Max is now quite stable and his last cardiograms indicated that his heart was actually repairing itself to some extent!!!! 

Max is my love, my little prince, they figure he is about 12 or 13. 

It bothers me that both Max and Daisy got sick on different labour day weekends, and I find it a strange co-incidence that I found Max the first road trip in my monte, and sold the car the night after our first vet visit for Daisy's illness. Seems things came and went with that car. PHEW! Thank goodness I no longer have THAT car.  I really like the new one, it didn't have frost on the INSIDE when I went out to it this morning... that's a first in almost 8 years of car driving for me. HAHAHAHA.  


And as for blankets... I am going to have a hard time deciding which blankets to keep, obviouslly Max gets first choice of which one he wants. The other liners will all be incorperated into Annie's rotations... it's just the little blankets/sheets and the pillows I made that I am going to have issues parting with.. figure for now they will stay in Daisy's linen box.


----------



## Lilysmommy (Jan 7, 2009)

Oh Max...  He sounds like such a sweetheart, he definitely deserves some extra love and snuggles. It's amazing how emotional animals truly are and how much we share with them in terms of feelings. Anyone who thinks animals are dumb and cannot feel have not truly spent any time with them. I'm glad Max gets to keep one of Daisy's blankets, and I hope you can all help each other heal together. <3


----------



## LarryT (May 12, 2009)

I don't know what to say, amazing  and yet so sad  at the same time. Keeping yall in my prayers.


----------



## Pickle (Sep 11, 2011)

Oi that brought more tears to my eyes. How heartbreakingly sweet.


----------



## 3dgsuperfan (Sep 12, 2011)

Oh here come the tears again!!!!! That is so sweet/sad..... You are such a wonderful "mom" to take such good care of them the way you do..... God bless you and your babies


----------



## shawnwk1 (Jul 8, 2011)

poor max. it's going to take him some time as well. my kitten moped around until he passed a week later (from leukemia and lymphoma) after his best buddy passed away (my last hedgie). and all of my animals kept going around the house looking for both of them after they were gone for like a month. i did let them see the bodies minutes after they passed and say their goodbyes to them too so i think that really helped them, but it was still hard on them. to this day i still can't say their names in the house or the other animals go into a depression (it's only been since may and june that they passed). 

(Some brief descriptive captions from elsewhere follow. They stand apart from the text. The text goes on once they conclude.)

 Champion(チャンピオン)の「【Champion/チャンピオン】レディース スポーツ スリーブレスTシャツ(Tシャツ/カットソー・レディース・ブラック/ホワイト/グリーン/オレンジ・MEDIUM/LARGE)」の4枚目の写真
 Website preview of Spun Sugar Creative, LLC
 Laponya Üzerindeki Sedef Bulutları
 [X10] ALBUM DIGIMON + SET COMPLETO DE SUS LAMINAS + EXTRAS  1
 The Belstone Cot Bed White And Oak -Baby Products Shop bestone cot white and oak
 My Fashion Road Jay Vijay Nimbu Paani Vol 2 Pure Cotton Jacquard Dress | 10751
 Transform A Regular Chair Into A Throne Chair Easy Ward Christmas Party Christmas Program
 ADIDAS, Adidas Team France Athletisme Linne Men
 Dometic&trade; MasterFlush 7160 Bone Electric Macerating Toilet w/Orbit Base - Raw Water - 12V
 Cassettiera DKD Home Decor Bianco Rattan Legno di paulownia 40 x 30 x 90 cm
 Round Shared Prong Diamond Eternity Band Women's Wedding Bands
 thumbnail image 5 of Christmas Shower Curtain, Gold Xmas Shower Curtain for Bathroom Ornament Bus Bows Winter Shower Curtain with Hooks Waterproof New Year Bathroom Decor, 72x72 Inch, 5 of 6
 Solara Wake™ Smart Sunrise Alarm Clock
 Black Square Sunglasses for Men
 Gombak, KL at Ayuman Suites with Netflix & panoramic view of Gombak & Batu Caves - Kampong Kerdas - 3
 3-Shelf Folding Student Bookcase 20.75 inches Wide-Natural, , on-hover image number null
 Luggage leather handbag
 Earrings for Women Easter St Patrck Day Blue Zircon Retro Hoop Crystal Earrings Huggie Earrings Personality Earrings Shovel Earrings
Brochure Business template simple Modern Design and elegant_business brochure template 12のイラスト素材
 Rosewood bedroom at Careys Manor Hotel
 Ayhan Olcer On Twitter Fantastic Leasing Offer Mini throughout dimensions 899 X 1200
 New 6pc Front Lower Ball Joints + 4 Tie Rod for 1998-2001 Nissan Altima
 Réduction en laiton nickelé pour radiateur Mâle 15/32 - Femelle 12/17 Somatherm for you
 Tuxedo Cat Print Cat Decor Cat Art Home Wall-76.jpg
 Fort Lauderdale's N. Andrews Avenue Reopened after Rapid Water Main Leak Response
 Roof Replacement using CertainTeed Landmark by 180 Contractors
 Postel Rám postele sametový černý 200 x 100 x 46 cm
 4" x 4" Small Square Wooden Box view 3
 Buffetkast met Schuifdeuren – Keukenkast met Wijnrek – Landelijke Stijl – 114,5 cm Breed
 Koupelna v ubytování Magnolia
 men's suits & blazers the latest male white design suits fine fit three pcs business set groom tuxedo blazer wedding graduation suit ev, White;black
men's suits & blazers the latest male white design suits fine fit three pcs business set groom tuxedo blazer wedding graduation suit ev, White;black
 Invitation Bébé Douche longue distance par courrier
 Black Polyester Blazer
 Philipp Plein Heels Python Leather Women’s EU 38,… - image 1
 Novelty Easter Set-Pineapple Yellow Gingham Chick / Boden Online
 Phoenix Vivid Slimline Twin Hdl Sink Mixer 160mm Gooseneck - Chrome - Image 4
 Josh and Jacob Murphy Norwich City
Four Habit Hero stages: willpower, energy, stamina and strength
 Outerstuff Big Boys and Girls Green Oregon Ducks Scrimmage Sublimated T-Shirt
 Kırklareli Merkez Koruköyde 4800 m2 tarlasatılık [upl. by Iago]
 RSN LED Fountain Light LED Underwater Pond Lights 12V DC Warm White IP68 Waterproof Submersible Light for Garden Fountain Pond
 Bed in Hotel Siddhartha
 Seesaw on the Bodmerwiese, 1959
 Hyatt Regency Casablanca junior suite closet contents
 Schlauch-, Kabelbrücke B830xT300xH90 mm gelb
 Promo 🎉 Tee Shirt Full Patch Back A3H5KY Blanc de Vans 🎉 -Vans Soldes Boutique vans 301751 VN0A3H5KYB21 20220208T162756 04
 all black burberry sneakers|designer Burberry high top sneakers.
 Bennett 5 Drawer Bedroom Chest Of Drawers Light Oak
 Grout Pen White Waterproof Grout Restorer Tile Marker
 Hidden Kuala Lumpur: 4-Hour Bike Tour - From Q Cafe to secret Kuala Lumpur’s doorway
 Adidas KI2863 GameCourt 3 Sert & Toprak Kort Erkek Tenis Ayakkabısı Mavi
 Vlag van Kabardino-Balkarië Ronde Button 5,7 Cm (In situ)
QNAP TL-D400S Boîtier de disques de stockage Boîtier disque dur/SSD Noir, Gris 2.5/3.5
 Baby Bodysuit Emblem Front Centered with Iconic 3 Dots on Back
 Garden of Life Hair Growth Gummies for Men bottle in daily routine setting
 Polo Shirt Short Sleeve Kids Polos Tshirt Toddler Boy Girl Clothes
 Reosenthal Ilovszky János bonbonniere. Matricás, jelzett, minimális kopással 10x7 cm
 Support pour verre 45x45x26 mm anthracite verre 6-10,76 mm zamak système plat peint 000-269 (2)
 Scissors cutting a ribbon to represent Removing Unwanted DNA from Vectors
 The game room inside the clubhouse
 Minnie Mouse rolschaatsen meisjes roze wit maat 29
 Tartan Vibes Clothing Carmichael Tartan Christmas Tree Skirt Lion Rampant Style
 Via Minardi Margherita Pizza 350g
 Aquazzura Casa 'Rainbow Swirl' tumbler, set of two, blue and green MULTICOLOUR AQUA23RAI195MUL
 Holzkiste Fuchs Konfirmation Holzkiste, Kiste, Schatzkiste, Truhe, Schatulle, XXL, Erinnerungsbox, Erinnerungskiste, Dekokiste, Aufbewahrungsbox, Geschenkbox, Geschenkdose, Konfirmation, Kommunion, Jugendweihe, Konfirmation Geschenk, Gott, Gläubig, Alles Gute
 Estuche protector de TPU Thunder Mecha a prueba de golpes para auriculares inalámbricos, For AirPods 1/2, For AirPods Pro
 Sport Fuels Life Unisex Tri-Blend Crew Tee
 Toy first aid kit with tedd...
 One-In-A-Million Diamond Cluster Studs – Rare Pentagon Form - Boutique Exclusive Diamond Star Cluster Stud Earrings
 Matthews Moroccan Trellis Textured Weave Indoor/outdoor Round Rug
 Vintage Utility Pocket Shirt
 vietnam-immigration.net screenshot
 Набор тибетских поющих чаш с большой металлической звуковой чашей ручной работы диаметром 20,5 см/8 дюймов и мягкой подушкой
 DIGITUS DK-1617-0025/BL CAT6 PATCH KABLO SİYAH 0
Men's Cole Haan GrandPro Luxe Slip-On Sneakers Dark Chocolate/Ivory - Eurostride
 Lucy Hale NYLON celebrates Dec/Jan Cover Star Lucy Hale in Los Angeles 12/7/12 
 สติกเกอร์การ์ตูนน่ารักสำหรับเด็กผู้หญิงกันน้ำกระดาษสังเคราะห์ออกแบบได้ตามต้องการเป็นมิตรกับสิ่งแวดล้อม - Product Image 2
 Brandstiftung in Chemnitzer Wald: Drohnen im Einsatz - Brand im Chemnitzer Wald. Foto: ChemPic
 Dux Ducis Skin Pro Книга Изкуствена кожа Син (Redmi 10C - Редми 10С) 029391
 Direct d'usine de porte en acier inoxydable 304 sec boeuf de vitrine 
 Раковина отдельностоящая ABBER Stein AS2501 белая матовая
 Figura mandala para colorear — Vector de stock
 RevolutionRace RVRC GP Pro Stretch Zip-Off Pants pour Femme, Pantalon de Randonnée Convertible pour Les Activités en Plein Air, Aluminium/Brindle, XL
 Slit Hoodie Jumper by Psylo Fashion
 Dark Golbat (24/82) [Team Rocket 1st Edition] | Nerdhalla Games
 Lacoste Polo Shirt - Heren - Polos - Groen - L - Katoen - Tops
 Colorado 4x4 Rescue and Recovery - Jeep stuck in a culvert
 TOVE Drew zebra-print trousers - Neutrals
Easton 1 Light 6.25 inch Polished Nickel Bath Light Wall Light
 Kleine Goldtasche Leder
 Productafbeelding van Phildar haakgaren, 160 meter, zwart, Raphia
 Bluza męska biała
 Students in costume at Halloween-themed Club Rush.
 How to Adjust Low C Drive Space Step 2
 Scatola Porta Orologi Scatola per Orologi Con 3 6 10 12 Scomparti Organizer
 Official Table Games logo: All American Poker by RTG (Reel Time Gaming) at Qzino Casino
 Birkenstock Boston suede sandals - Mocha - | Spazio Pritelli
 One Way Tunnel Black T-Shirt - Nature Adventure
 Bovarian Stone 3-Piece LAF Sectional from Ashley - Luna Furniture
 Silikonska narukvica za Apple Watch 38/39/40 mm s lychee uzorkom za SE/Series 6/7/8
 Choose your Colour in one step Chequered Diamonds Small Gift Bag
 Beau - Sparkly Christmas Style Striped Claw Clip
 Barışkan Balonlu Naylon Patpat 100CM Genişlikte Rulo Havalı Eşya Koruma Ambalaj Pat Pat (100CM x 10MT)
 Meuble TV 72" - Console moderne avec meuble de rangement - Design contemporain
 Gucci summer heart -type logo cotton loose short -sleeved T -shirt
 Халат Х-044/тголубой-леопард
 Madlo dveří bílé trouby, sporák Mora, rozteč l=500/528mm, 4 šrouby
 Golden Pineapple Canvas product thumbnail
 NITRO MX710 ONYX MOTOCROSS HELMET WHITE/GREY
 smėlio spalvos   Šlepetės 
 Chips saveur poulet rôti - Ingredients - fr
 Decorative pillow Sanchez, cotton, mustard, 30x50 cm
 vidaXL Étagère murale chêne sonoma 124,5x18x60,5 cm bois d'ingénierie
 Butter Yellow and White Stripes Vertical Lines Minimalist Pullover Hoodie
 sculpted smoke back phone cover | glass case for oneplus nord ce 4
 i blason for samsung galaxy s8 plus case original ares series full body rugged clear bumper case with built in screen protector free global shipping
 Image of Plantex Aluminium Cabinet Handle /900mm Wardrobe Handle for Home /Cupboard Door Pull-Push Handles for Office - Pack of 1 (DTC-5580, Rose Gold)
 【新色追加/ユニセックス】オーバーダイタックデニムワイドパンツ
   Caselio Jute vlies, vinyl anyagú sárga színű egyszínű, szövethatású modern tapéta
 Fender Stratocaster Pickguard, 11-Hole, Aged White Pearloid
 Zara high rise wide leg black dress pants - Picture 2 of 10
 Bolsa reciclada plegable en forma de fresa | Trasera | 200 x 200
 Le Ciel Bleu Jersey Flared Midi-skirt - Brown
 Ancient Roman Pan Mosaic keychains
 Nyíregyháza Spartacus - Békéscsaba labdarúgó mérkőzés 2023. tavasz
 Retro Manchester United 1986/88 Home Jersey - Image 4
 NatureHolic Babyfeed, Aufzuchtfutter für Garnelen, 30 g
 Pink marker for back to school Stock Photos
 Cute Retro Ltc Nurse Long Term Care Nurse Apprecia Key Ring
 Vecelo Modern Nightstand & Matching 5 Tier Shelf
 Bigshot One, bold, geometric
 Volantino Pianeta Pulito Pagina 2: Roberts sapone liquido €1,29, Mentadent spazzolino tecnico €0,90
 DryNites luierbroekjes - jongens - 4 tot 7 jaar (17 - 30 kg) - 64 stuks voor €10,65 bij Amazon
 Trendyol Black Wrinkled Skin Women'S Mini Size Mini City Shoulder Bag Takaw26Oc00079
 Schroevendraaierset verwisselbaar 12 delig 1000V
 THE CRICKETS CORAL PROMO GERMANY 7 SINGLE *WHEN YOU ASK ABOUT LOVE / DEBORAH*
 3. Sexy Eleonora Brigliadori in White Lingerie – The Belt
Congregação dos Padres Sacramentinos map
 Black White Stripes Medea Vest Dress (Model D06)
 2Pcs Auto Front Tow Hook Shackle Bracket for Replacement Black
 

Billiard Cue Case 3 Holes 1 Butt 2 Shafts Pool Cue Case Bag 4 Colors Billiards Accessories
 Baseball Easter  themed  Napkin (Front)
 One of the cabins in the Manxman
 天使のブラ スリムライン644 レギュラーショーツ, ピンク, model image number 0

give him some time and lots of love and just keep talking to him and letting him know that his friend is okay and he will see her again soon. i know it sounds lame, but i think it's important that they too understand what's going on and know that their buddies are okay even though they aren't with us anymore.


----------



## shawnwk1 (Jul 8, 2011)

oh and max is beautiful btw


----------



## hanhan27 (May 12, 2011)

What a beautiful story. It really is amazing how animals can surprise us with the extent of their emotions. It's hard enough to go through losing a cherished family member, but seeing others that we care about suffer emotionally makes it even worse. Hopefully you will be able to help each other heal. 

By the way, Max sounds like a wonderful cat. He is so handsome and sounds like such a sensitive sweety pie. If only he were a man!


----------